“An Impetus for Learning Beyond One’s Own Research Topic”
A PhD short-term mobility took the three mdw students Caroline Gansterer-Heider, Constantin Luger, and Abigail Wagner to Cape Town, South Africa, for a week in March 2025. Their teacher Evelyn Annuß, Professor for Gender Studies, initiated the research trip. She and mdw teachers Isabel Frey and Philipp Hohmann held classes at the University of Cape Town, which were also attended by the doctoral students from the mdw, and engaged in intensive exchange with students from the Centre for Theatre, Dance & Performance Studies there. In addition to university events, the days in Cape Town were filled with a cultural programme that helped the mdw students understand the past and present of South Africa.


“Before you travel to South Africa, you know the basics of the country’s history of colonisation, slavery, and apartheid, of course,” says Constantin Luger. “But when you’re actually there, the turbulent history of the country and the city becomes very immediate.” A must for the students was a visit to the District Six Museum, which shows the history of Cape Town’s District Six, an area where people of various cultural, social, and ethnic backgrounds lived at one time. At the end of the 1960s, most of the neighbourhood’s inhabitants were forcibly removed and it was declared a whites-only residential area. The students also visited the former prison on Robben Island. During apartheid, it was used primarily to imprison political prisoners. Nelson Mandela spent eighteen years of his imprisonment there, prior to being elected South Africa’s first Black president in 1994. The former prison was opened to visitors in 1997.

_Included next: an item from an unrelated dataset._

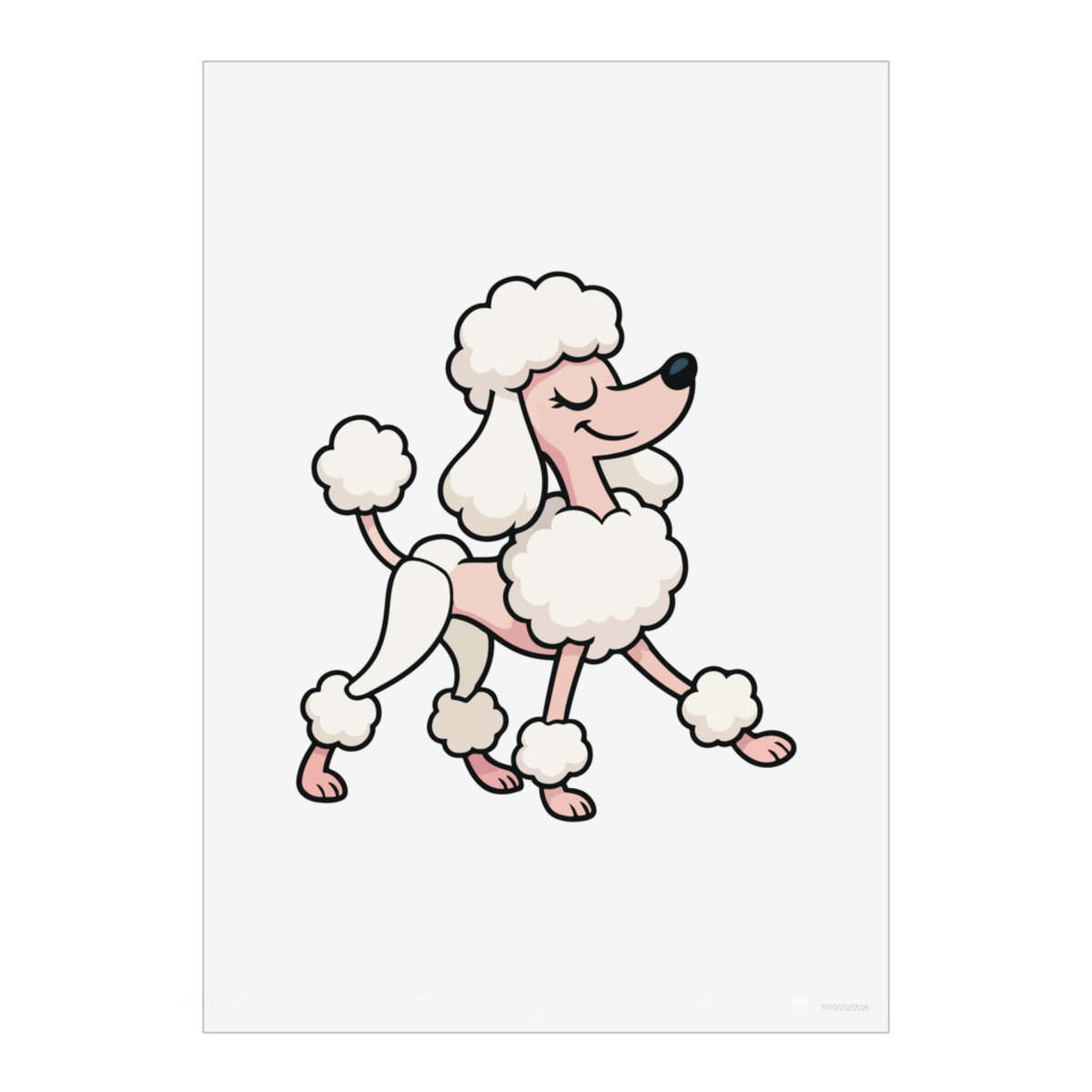 'Prancing Poodle' Wall Art Poster Print -  Unframed Artwork for Home Decor (PP055780)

For the students, participating in this trip first and foremost served to widen their horizons. “For me, it was an impetus for learning beyond one’s own research topic,” says Abigail Wagner, who researches in the area of historical musicology. Constantin Luger studies in the Department of Cultural Management and Gender Studies. His research subject is the late Austrian pop singer Falco as a fictional character. “In general, I am committed to taking away as much as possible from my studies,” explains Constantin. “My conversations with students at the University of Cape Town gave me many new ideas, including ideas about artistic research.” Caroline Gansterer-Heider conducts artistic-scholarly research in the area of bias in cinematographic technology. “This trip and deeper insights into the research being conducted at the University of Cape Town and at the new International Research Center – Gender and Performativity at the mdw were very enlightening for me and caused me to reflect on my own white, Eurocentric perspective of my research topic,” remarks Caroline. “The history of inequality, oppression, and resistance—including in the form of the visual arts and above all in performance—is incredibly impressive. No theory in a book can compare to being right there and witnessing the traces of this history.”

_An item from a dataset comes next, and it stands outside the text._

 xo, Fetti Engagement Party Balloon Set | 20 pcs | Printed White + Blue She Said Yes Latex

Nearly 30,000 students study at the University of Cape Town in numerous disciplines, including business, law, the humanities, and engineering. The university is spread over various locations in the city. The Centre for Theatre, Dance & Performance Studies is located in the suburb known as The Gardens, a tourist area with many hotels and restaurants.


“Exploring the city, you notice how it is divided into separated spaces,” says Abigail. Social inequalities according to the area are also evident in the access to urban infrastructure, for example when scheduled power outages usually effect neighbourhoods outside the wealthy areas and those frequented by tourists. “Next to townships surrounded by walls and barbed wire, you find the villas and wine estates of the wealthy class, which are also spatially demarcated,” says Constantin. “This is grotesque. It takes a while to process these impressions.”

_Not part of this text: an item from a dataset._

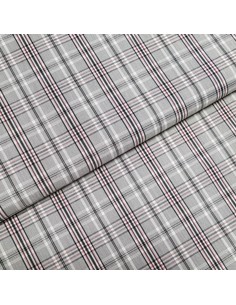Tissu, Popeline de Coton Carreaux, Rouge et Gris, Laize 150 cm, 100% Coton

The mdw students were very enthusiastic about their open exchange with the teachers and students in Cape Town and plan to maintain these connections. Colleagues from the University of Cape Town will come to Vienna for the opening of the mdw’s International Research Center – Gender and Performativity (ICGP) from 12 to 14 June 2025. Constantin and Caroline could imagine doing another mobility to South Africa, particularly in view of the connections they have made in the field of artistic research.
All three would recommend a PhD short-term mobility to other doctoral students. “The PhD curriculum is strongly focused on presenting one’s own research topic. A mobility like this one is a good opportunity to learn again to explore other topics as well,” says Abigail. Constantin adds, “For the interdisciplinary aspect, mobilities are very valuable. At the intersection of art and research, it is important in general to be exposed to new input.”